Che fine ha fatto l’enorme sostegno popolare alla magistratura che caratterizzò gli inizi di Mani pulite?
«Credo che sia venuto meno per assuefazione. Lo sconcerto iniziale è via via scemato, anche per alcune campagne di disinformazione, e alla lunga è scattato come sempre lo spirito di fazione. Purtroppo, l’Italia non è pervasa da un senso profondo dell’unità, così come invece hanno altre nazioni.

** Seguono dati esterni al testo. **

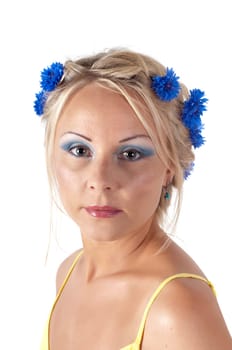 Blond woman in cornflowers wreath isolated on white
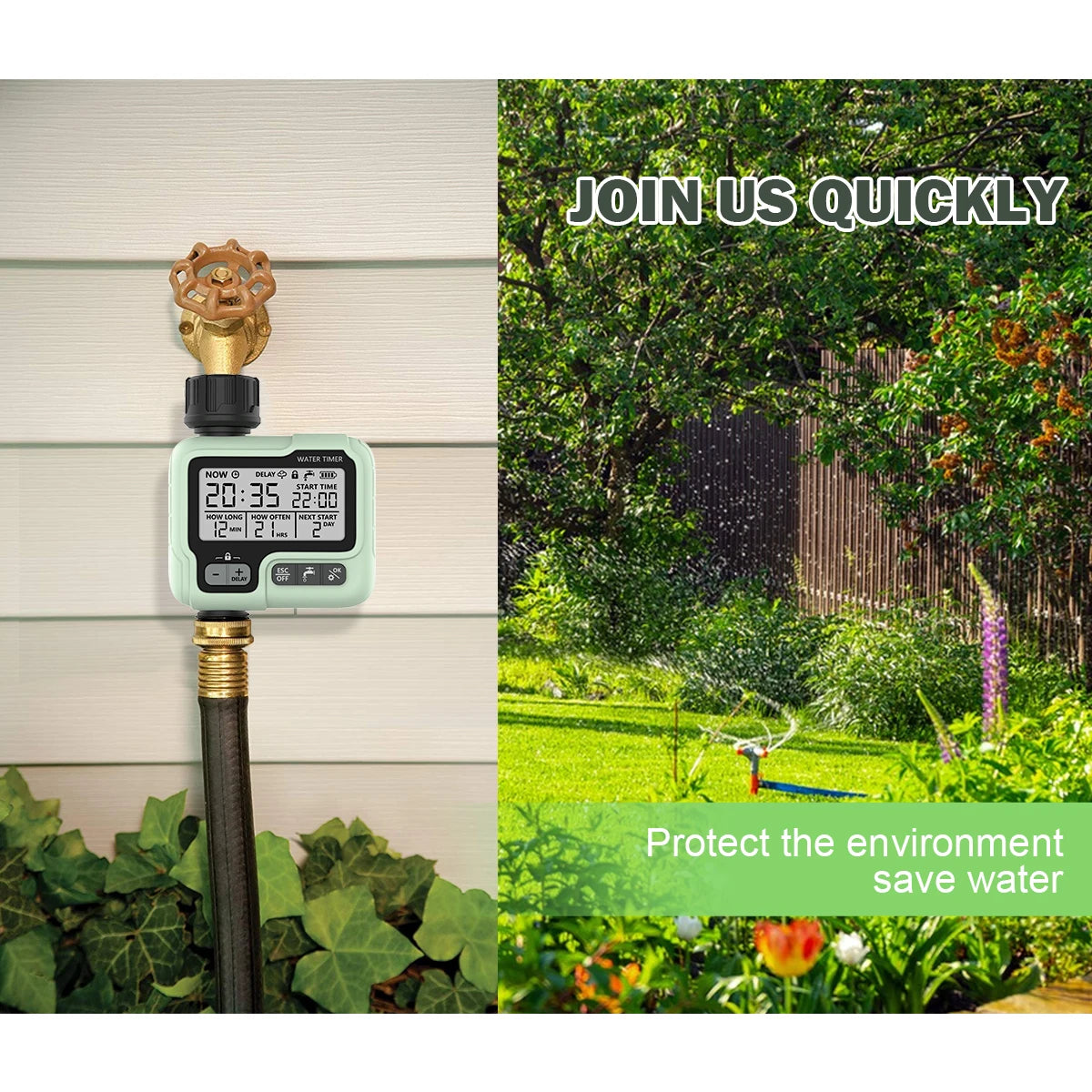 Timer Automático HCT-322 para Irrigação Digital - Sprinkler Inteligente para Jardim e Economia de Água e Tempo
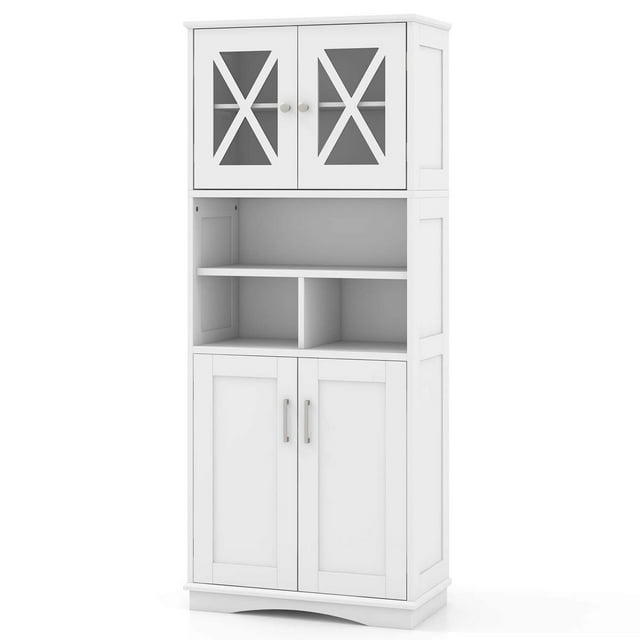 Costway Tall Bathroom Cabinet Large Floor Storage Cabinet with Acrylic Doors & 3 Cube White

Anche se nessuno lo sa, dato che ne cantiamo soltanto una strofa, siamo l’unico Paese al mondo che nell’inno nazionale parla male di sé stesso: “Noi fummo da secoli calpesti, derisi, perché non siam popolo, perché siam divisi”. Tornando al sostegno dell’opinione pubblica, fu comunque molto importante: aiutò le indagini perché ci tenne per un po’ al riparo dalla politica».
Una lunga inchiesta iniziata negli uffici della «Baggina»
Il primo arresto
Lunedì 17 febbraio 1992: il pubblico ministero Antonio Di Pietro ottiene dal giudice per le indagini preliminari del Tribunale di Milano, Italo Ghitti, un ordine di cattura per l’ingegner Mario Chiesa, presidente del Pio Albergo Trivulzio (storica istituzione che i milanesi chiamano da sempre “Baggina”) ed esponente di primo piano del Partito Socialista. Chiesa era stato colto in flagranza di reato mentre intascava una tangente dall’imprenditore monzese Luca Magni: 7 milioni di lire. È rimasto nella storia il tentativo compiuto dallo stesso Chiesa di liberarsi di un’altra tangente incassata in precedenza (37 milioni) buttando le banconote nel water.
I numeri
Secondo i dati ufficiali, nell’inchiesta «Mani Pulite» furono 4.520 le persone indagate per le quali non fu chiesta l’archiviazione. Per 3.200 di queste fu chiesto il rinvio a giudizio. L’ufficio del GIP rinviò a processo 1.322 imputati. Alla fine le condanne , furono 611. Altre 620 persone furono condannate con rito abbreviato nell’udienza preliminare.